My eyes ran up and down her body, taking everything in with one glance.

“Those shorts you were wearing earlier were fucking sexy as hell, but those jeans you somehow painted on are making it hard to breathe,” I told her, my eyes taking everything in at once.

She smiled timidly.

“These aren’t usually what I wear out,” she whispered. “Wolf…what are you doing? What are we doing here?”

I grinned at her.

“What do you want to do?” I asked.

She smiled softly, her face blushing a deep red before she shook her head and refused to answer.

“You don’t want to know what I want to do,” she challenged me, her eyes locking with mine. “You’d probably not appreciate it.”

“Try me,” I challenged her.

She licked her lips.

“I remember.”

My eyes slammed shut, and I shuttered at the remembrance of just what exactly she could ‘remember.’

“What do you ‘remember’?” I whispered gruffly.

Her eyes lifted from the contemplation of my chest, and she gasped for air.

“What you did for me. The night you found me. What you did. I remember.
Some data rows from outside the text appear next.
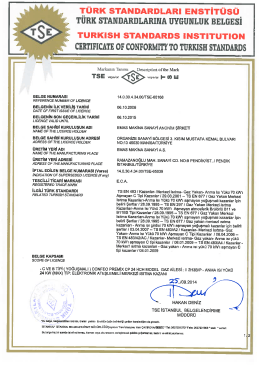 . T&Uuml;RK sTANDARDLARı ENsTİT&uuml;s&uuml;
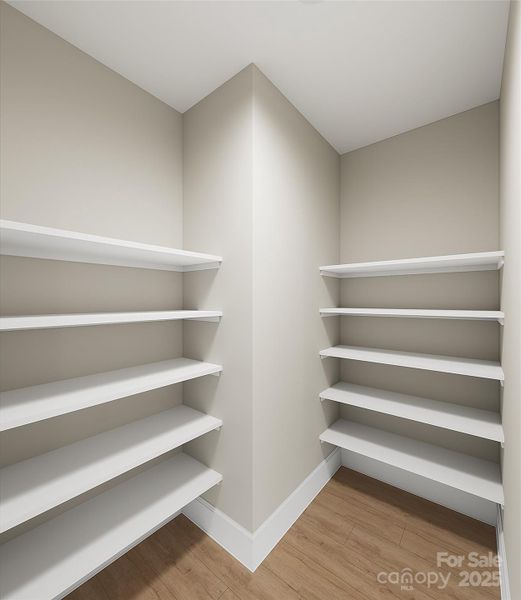Large Walk-In Pantry with Loads of Storage Space. *Virtual Rendering | Actual Finishes, Structural Selections, and Orientation May Vary.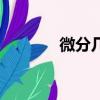 微分几何创始人（微分几何）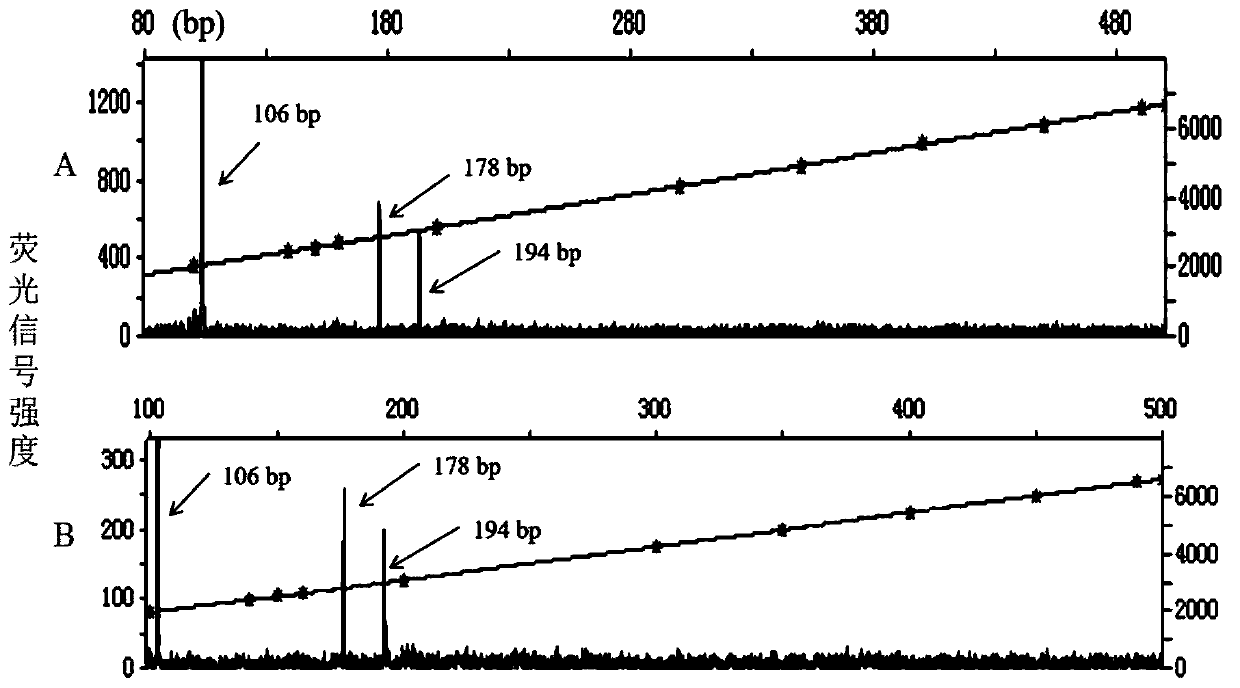 Molecular marker primer composition for identifying freestone trait of prunus persica fruits and application of molecular marker primer composition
Everything,” she choked out.

My eyes closed, remembering the horror of seeing Raven that way, but also remembering how she felt in my arms as I carried her out of that nightmare.

Her eyes filled with tears as she relived the memories of that time.

“He tortured me. It wasn’t the same way as he tortured July, but he did it all the same,” she confirmed my worst fears.

“I sure as hell won’t ever forget that night,” I said gruffly.

She shook her head, refusing to give me any more information than what she already had.

I moved forward until there was only a breath separating her from me.

She leaned forward and rested her head against my chest, my heart thumping with the emotion of that night and this one.